Komitid : Enfant, est-ce que vous vous rêviez journaliste ?
Marie Labory : Les gens me disent que j'ai toujours voulu faire ça mais je ne m'en souviens pas. C'est vrai que, gamine, j'ai toujours fait des journaux, des films, de la radio et que j'avais organisé un journal au collège. Donc, je pense quand même que j'avais le truc. J'avais surtout envie d'écrire et de faire quelque chose qui soit un peu amusant. Je viens de la vraie province, du Sud-Ouest, j’ai grandi dans un tout petit bled puis dans une ville à peine un peu plus grande et on n’était pas très informé de ce qu'on pouvait faire à part avocate ou médecin. Journaliste paraissait le truc le plus marrant, le plus fun.

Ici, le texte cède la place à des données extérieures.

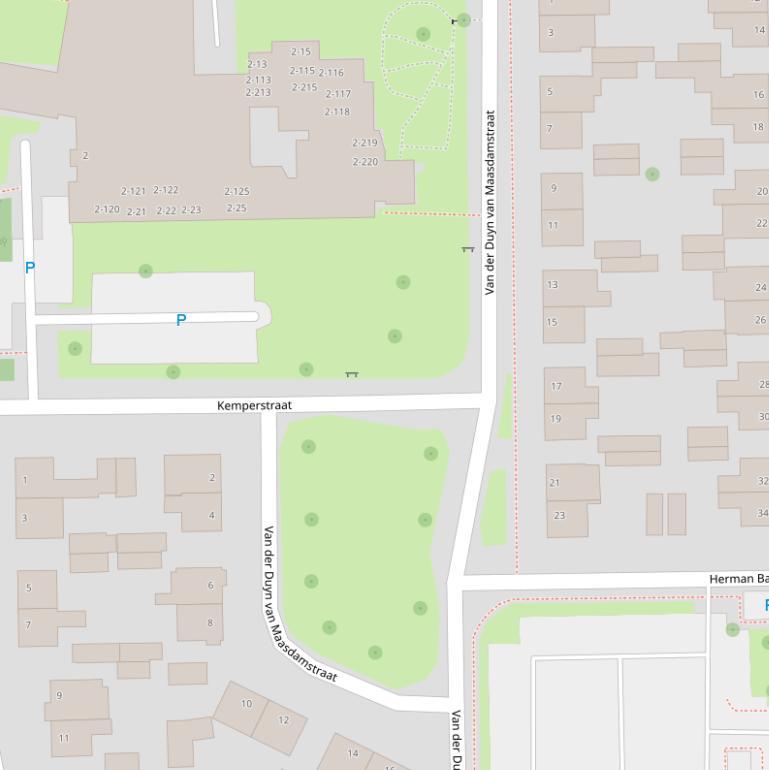 Kaart van  vd Duyn v Maasdamstr.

Après le bac, je crois que ma mère rêvait que je fasse Sciences-Po et moi je ne voulais surtout pas, je savais qu'il fallait que je règle quelque chose avant : être lesbienne ! Je n'avais pas envie de bachoter, je suis rentré à ce qui s'appelait encore à l'époque l'IUT de journalisme de Bordeaux qui s'appelle maintenant l’IJBA. Ensuite, j'ai fait le parcours classique des stages à France 3 puis des CDD avant d'être intégré à France 3 Caen. J'avais 24 ans et j'étais la seule fille dans la rédaction, ils avaient tous plus de 20 ans de plus que moi. Vers 1998, j’ai rejoint Francis Letellier qui présente aujourd’hui Soir 3, à Rennes. Un moment j'en ai eu ras-le-bol, je ne me voyais pas devenir chef à France 3 Régions. J'ai pris un congé sans solde pour retourner à Bordeaux où j'ai vécu en coloc avec mon frère, c'était super. Là, mon autre coloc m'a parlé d'une chaîne qui allait se créer : Pink TV. J'ai envoyé un autoportrait que j'avais filmé et j'ai été prise après le casting.
« J’ai été out très très vite dans les rédactions de France 3 dans lesquelles je travaillais »
Le fait d'être embauchée sur Pink TV, cela impliquait-il une visibilité nouvelle ?
Je me suis d’abord dit que j'allais m'amuser, je n'étais peut-être pas encore très adulte ! J’ai été out très très vite dans les rédactions dans lesquelles je travaillais et cela n'avait pas d'écho puisque personne n'en parlait à France 3 Normandie ou à France 3 Ouest. Cela faisait partie de mon identité et je l'assumais déjà au travail. À Caen, je crois que j'avais fait le premier sujet sur le pacs en France, c'était déjà militant. Arriver sur Pink TV, cela m'a paru assez évident, je ne me suis pas posé tellement de questions et en plus je devais parler de culture, quelque chose dont je rêvais depuis longtemps. C'est arrivé à point nommé.